▶ _Data_:
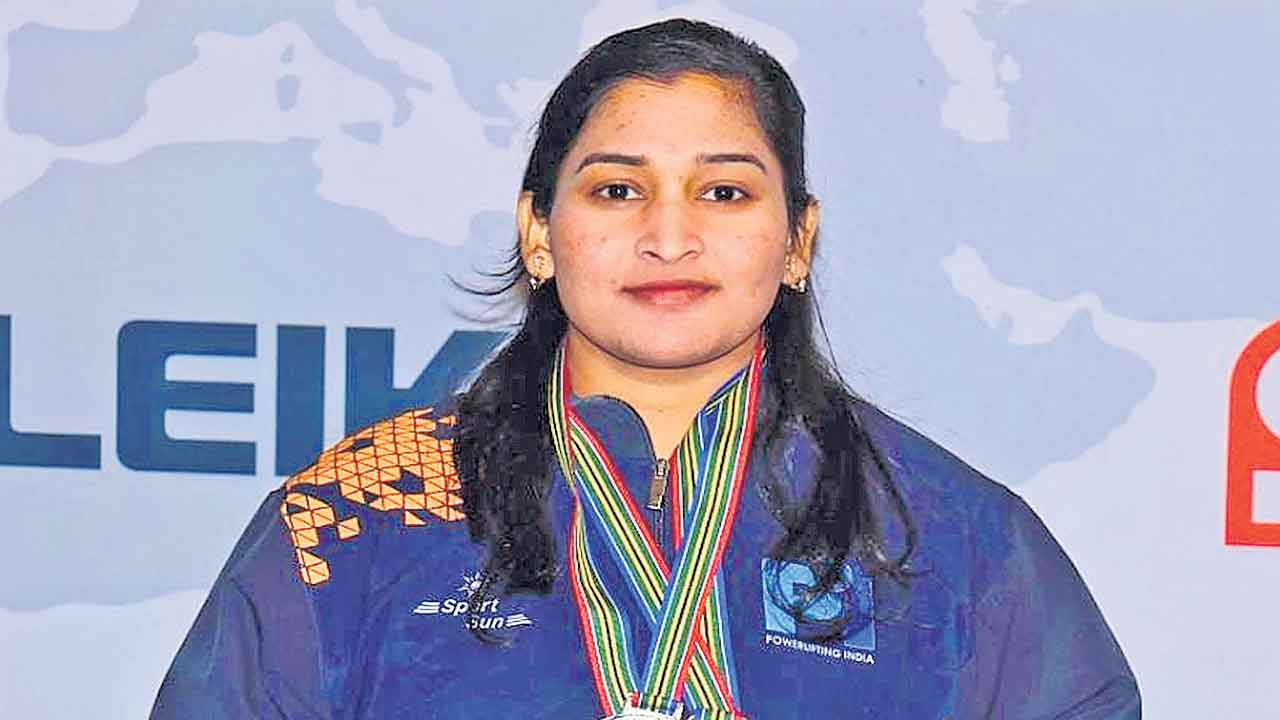 Tejawat Sukanyabai | పవర్‌లిఫ్టింగ్‌లో తెలంగాణ అమ్మాయికి స్వర్ణం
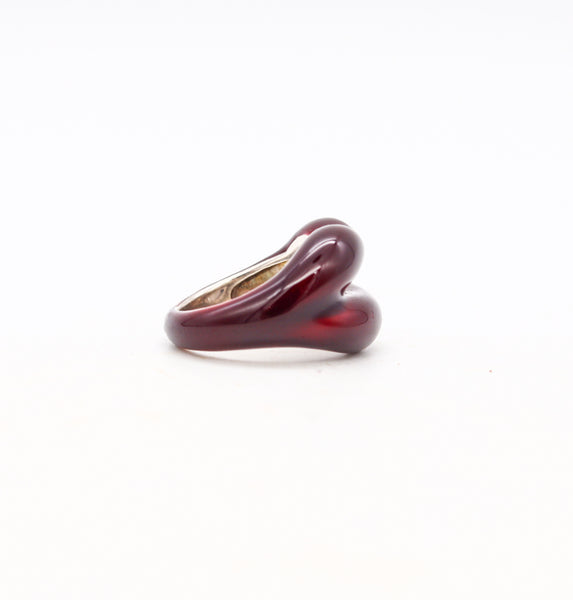 *Solange Azagury-Partridge British Hot-lips ring in .925 sterling silver with metallic Red Enamel
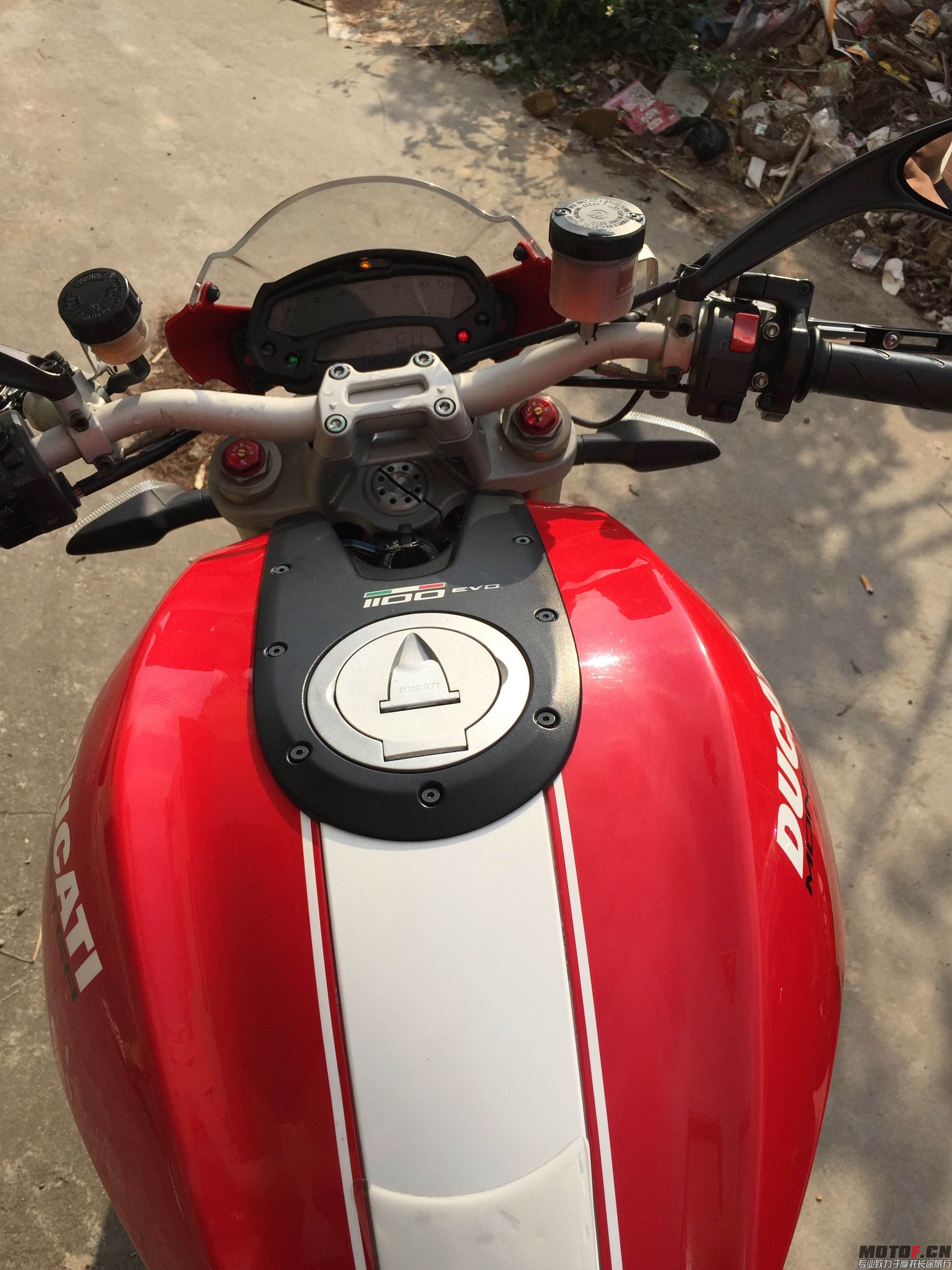 旋转 QQ图片20150403000754.jpg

▶ _Problem statement_:
Write out each line again, exactly as it appears above, except for any picture.

▶ _Response to the exercise_:
 Tejawat Sukanyabai | పవర్‌లిఫ్టింగ్‌లో తెలంగాణ అమ్మాయికి స్వర్ణం
 *Solange Azagury-Partridge British Hot-lips ring in .925 sterling silver with metallic Red Enamel
 旋转 QQ图片20150403000754.jpg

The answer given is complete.